** PROVIDED MATERIAL **

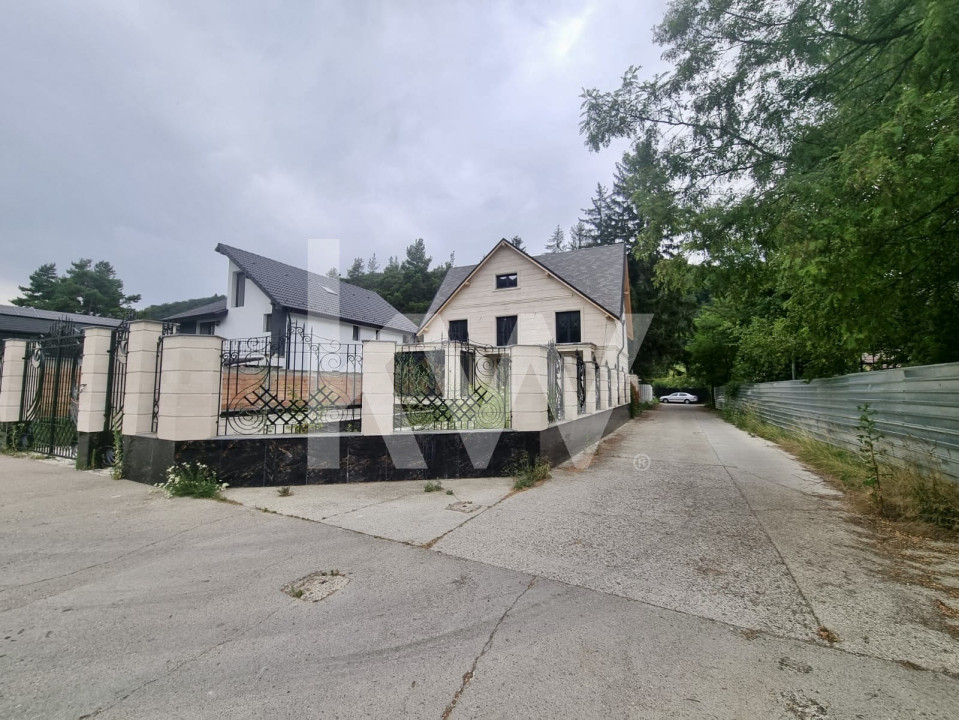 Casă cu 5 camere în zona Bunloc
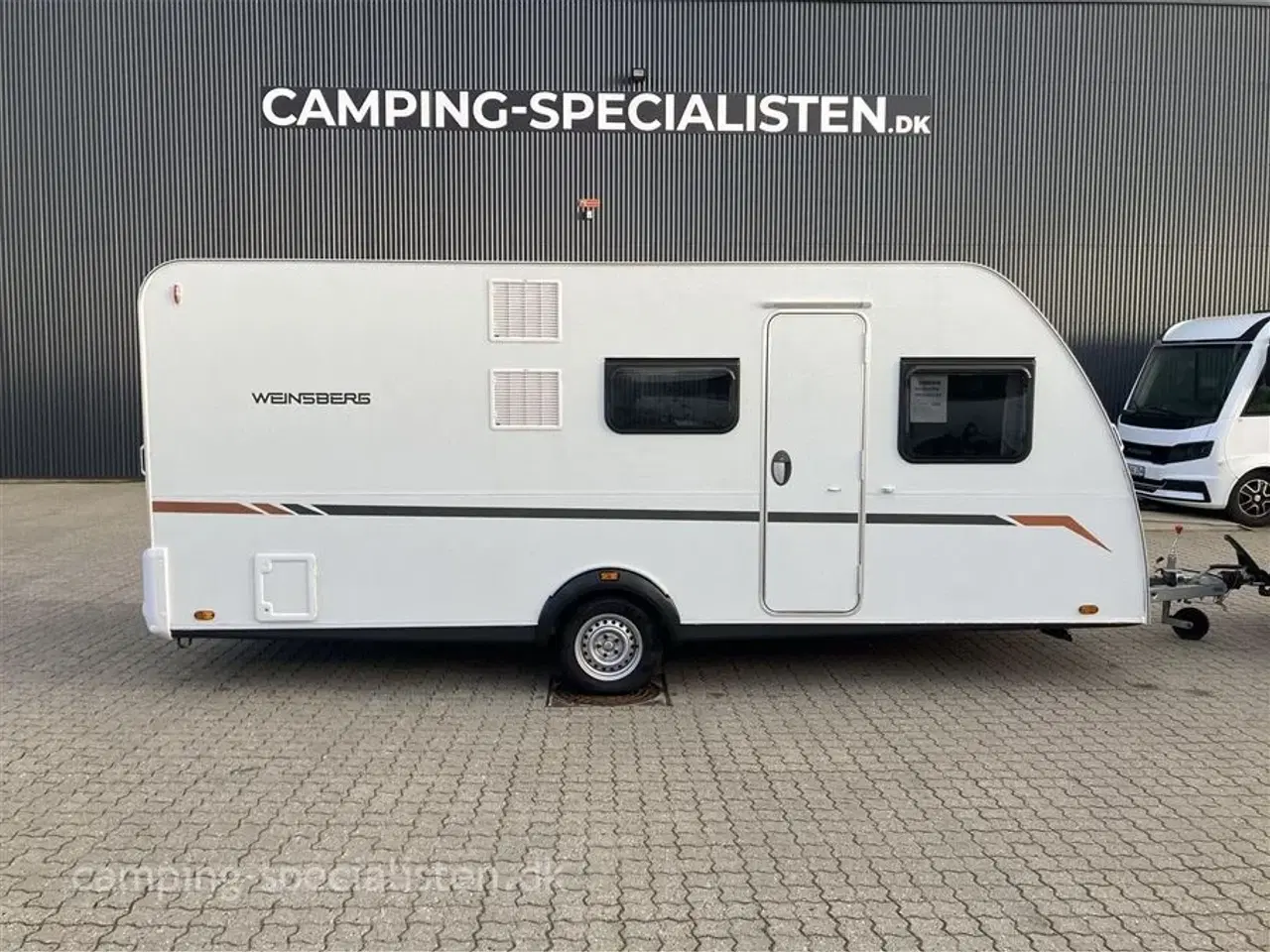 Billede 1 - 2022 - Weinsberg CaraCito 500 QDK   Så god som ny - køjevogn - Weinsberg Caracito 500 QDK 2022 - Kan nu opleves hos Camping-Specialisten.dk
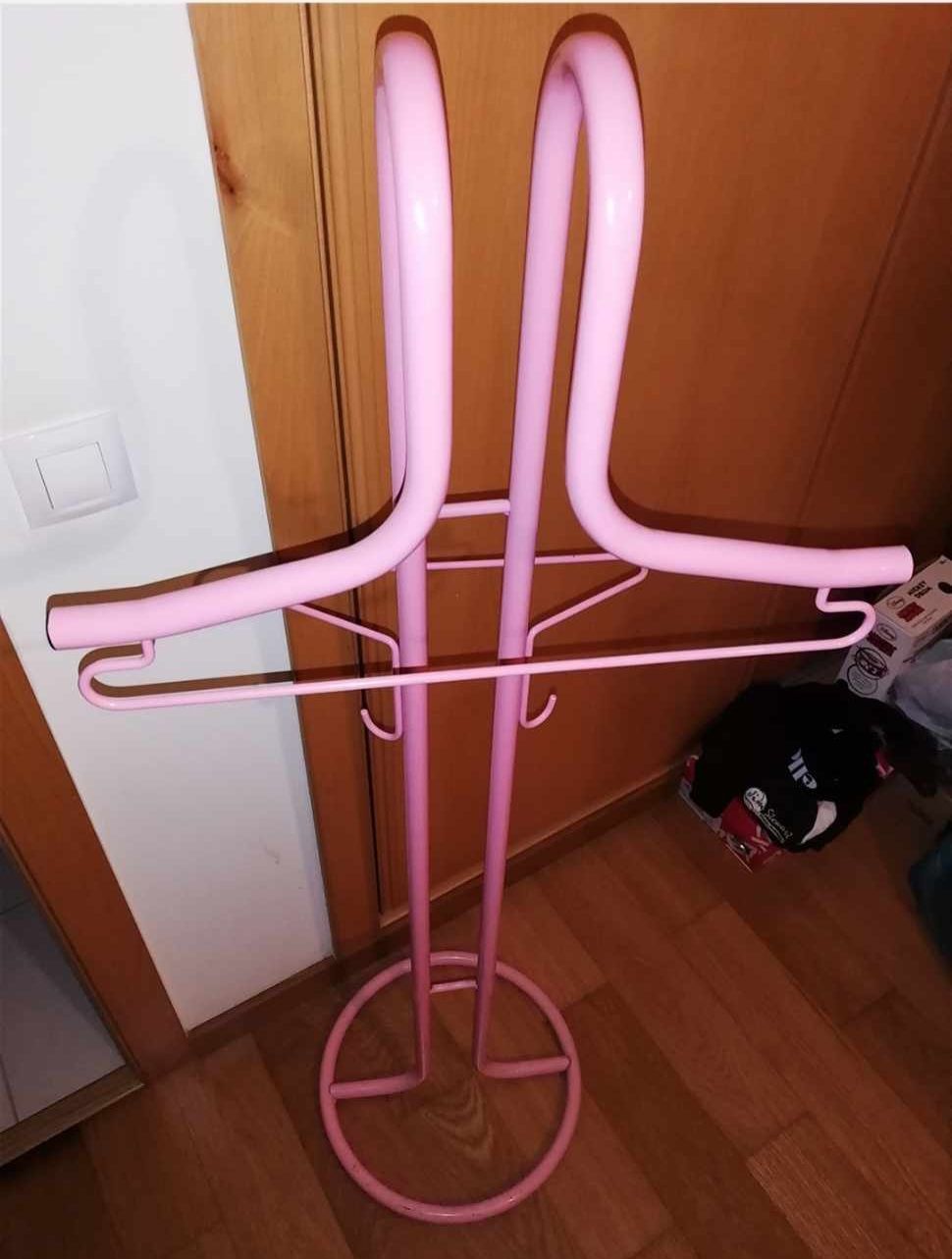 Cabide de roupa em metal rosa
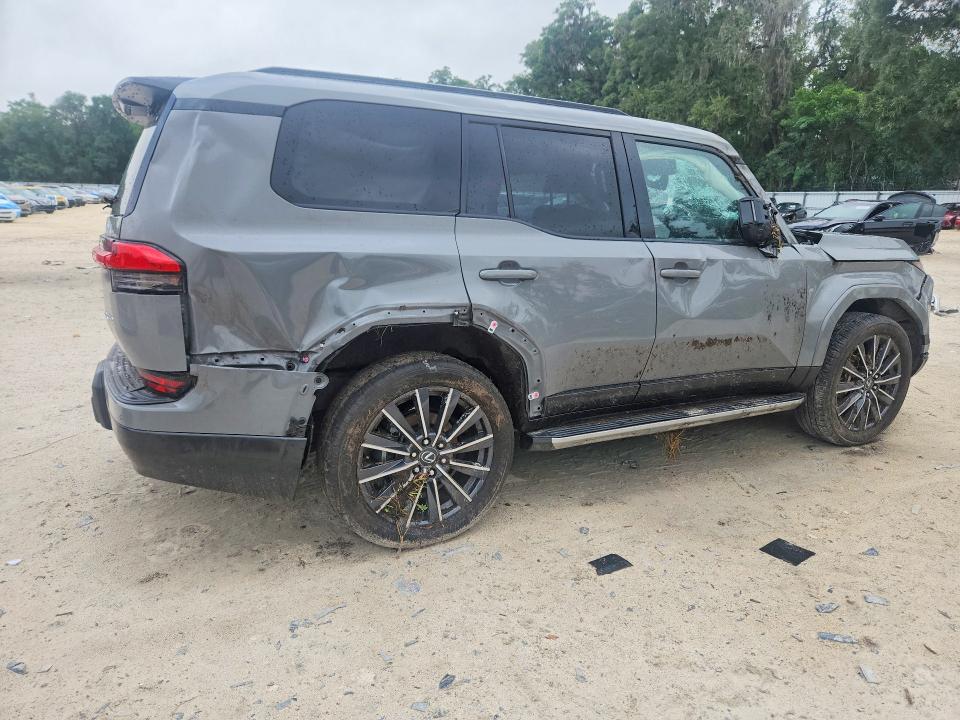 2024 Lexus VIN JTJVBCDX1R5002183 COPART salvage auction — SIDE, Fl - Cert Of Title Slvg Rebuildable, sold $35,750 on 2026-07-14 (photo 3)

** YOUR TASK **
Apart from the pictures, repeat the data above exactly.

** RESPONSE **
 Casă cu 5 camere în zona Bunloc
 Billede 1 - 2022 - Weinsberg CaraCito 500 QDK   Så god som ny - køjevogn - Weinsberg Caracito 500 QDK 2022 - Kan nu opleves hos Camping-Specialisten.dk
 Cabide de roupa em metal rosa
 2024 Lexus VIN JTJVBCDX1R5002183 COPART salvage auction — SIDE, Fl - Cert Of Title Slvg Rebuildable, sold $35,750 on 2026-07-14 (photo 3)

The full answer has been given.